Decimals are similar to rational numbers (rationals whose denominator is a power or ten).

There are basically two approaches one can imagine:

arbitrary-precision decimals

fixed bit-width decimals

For (1), Racket already has them in the sense that you can read decimals exactly with the #e prefix. We don't have (2), which I understand along the lines of the decimal128 IEEE standard, where you get about 34 significant digits and an exponent of about 6000. The fixed bit width means that you can't represent everything, of course, but still, you can represent quite a lot. There are a few C++ libraries out there that support these big 128-bit decimals. Indeed, there's eleven support for them out-of-the-box in GCC, but not yet in Clang/LLVM as of writing.

Curious to hear from the math/number fand whether this is an interesting idea or whether this is unnecessary, too complicated, not enough value.

Usually arbitrary-precision decimal arithmetic is not the same as Racket's exact rational arithmetic; in particular usually division is not implemented exactly.

For limited-precision decimal, the question is always what are the advantages and disadvantages vs using binary floats.
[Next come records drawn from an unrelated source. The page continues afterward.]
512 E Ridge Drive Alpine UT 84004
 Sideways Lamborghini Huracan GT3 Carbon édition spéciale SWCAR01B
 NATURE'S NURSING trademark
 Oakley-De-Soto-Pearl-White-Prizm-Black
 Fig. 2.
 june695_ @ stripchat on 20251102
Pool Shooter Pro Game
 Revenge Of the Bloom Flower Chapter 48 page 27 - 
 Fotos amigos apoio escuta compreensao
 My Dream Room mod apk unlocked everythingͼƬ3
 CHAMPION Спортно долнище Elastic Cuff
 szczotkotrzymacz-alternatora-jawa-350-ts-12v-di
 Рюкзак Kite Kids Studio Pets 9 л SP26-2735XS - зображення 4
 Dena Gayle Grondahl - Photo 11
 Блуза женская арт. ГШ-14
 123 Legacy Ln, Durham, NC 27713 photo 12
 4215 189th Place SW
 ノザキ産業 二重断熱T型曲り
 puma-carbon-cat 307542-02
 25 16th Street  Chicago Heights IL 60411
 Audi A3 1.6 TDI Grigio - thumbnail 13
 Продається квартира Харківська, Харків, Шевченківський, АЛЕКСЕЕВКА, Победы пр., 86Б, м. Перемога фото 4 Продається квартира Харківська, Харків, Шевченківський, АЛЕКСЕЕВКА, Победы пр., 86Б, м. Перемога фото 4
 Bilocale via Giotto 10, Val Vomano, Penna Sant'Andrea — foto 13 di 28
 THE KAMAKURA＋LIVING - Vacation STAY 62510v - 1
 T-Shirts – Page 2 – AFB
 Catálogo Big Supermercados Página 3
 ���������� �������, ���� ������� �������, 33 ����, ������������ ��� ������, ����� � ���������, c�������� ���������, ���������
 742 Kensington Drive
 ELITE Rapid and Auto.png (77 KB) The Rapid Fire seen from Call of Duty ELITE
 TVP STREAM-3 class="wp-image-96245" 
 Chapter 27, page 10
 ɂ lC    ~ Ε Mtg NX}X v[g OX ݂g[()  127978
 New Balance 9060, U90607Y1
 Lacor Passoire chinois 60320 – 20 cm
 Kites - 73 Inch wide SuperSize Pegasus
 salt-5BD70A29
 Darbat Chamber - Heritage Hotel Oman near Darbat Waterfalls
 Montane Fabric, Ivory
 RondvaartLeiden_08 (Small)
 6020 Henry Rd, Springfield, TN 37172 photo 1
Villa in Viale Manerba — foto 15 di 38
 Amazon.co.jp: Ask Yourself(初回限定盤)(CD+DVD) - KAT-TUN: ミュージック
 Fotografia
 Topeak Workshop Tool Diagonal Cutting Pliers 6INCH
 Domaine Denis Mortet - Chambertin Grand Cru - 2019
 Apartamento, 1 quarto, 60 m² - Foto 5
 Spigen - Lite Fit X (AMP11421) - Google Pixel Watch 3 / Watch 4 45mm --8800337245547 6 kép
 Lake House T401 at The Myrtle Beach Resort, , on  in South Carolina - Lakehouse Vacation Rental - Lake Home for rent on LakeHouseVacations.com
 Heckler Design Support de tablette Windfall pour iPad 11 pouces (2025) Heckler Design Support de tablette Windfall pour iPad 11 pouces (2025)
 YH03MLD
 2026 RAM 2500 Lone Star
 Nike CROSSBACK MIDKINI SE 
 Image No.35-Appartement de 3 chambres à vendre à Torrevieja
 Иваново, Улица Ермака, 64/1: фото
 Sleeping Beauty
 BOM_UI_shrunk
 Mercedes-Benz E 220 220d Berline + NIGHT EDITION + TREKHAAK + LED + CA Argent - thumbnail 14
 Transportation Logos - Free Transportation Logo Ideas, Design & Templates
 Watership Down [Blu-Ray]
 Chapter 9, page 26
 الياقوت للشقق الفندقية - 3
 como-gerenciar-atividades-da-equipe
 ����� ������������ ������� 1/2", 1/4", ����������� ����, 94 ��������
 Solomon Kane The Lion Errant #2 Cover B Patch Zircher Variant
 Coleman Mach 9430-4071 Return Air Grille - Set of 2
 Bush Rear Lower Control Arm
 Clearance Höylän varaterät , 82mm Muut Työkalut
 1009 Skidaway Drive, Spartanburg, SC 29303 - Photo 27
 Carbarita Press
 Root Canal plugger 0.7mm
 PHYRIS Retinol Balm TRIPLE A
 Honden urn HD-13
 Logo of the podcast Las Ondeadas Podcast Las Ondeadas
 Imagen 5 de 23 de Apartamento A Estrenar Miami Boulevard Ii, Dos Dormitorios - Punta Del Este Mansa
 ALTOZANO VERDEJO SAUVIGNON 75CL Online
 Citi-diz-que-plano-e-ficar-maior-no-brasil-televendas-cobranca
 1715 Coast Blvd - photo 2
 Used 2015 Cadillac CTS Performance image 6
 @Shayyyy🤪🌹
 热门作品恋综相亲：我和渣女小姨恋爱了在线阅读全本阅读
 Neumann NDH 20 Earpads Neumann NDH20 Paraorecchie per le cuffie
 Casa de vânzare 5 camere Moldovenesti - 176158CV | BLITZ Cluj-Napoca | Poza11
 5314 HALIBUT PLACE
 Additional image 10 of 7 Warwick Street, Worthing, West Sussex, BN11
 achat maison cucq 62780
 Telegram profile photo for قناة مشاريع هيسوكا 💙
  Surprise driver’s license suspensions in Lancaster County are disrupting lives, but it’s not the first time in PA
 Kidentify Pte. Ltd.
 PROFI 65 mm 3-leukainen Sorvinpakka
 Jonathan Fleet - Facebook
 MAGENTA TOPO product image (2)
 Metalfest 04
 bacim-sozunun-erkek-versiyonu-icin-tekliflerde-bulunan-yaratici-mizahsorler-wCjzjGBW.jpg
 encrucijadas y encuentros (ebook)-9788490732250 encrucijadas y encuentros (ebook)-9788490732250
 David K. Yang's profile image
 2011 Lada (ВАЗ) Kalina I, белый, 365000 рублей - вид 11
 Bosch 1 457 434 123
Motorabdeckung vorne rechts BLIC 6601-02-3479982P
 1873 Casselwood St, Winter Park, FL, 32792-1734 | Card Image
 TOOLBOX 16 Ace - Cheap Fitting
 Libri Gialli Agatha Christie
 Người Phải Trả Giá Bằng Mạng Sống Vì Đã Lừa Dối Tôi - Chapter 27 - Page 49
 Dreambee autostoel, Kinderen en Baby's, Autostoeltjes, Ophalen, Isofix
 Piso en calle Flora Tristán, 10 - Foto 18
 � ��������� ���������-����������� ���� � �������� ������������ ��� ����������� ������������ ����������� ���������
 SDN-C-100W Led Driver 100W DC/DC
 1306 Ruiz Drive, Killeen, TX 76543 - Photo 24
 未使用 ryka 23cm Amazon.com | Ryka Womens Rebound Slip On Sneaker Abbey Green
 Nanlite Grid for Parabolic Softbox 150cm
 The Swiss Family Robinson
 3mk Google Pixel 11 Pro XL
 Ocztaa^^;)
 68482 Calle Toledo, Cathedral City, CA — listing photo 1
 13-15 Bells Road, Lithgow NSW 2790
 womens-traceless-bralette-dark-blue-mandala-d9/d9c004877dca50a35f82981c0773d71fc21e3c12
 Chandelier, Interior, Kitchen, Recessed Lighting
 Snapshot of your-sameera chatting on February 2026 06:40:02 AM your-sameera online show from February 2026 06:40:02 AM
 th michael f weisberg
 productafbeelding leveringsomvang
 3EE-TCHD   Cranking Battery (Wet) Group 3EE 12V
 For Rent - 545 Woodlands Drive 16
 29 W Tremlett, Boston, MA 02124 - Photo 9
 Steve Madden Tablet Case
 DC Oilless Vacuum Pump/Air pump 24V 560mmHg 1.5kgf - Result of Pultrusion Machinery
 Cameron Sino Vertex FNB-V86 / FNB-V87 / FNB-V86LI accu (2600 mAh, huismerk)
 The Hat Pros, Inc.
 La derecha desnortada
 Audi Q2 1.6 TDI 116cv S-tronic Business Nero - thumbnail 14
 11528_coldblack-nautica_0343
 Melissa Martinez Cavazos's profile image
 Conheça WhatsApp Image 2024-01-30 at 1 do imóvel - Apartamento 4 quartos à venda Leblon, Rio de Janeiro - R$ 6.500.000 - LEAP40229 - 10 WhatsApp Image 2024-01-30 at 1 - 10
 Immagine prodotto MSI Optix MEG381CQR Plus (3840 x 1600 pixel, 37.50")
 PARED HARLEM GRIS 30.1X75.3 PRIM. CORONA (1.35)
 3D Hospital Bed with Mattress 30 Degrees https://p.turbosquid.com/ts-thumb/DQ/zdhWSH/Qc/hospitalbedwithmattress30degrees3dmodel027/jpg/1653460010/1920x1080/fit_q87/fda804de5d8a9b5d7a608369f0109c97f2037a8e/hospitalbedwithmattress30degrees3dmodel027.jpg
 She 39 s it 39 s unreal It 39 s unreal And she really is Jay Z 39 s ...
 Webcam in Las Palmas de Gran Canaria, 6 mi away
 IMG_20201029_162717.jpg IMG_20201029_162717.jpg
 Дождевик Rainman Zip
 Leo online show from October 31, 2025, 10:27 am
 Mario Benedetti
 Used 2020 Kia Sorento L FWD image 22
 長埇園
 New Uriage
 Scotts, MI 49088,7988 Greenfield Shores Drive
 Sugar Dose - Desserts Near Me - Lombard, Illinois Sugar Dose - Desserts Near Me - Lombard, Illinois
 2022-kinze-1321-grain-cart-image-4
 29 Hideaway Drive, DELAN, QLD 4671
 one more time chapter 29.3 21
For IEEE decimal128, there are a few possible advantages:
a. Twice the width, allowing for more precision than Racket's 64-bit floats. But see double-flonums in the math library for more precision.
b. Decimal vs binary, allowing representing things like 0.3 exactly, which can be helpful for currency.

How valuable would it be to have this as a pure-Racket library (easy to implement), a package that bundled some C++ code, or something that was built-in to the Racket runtime?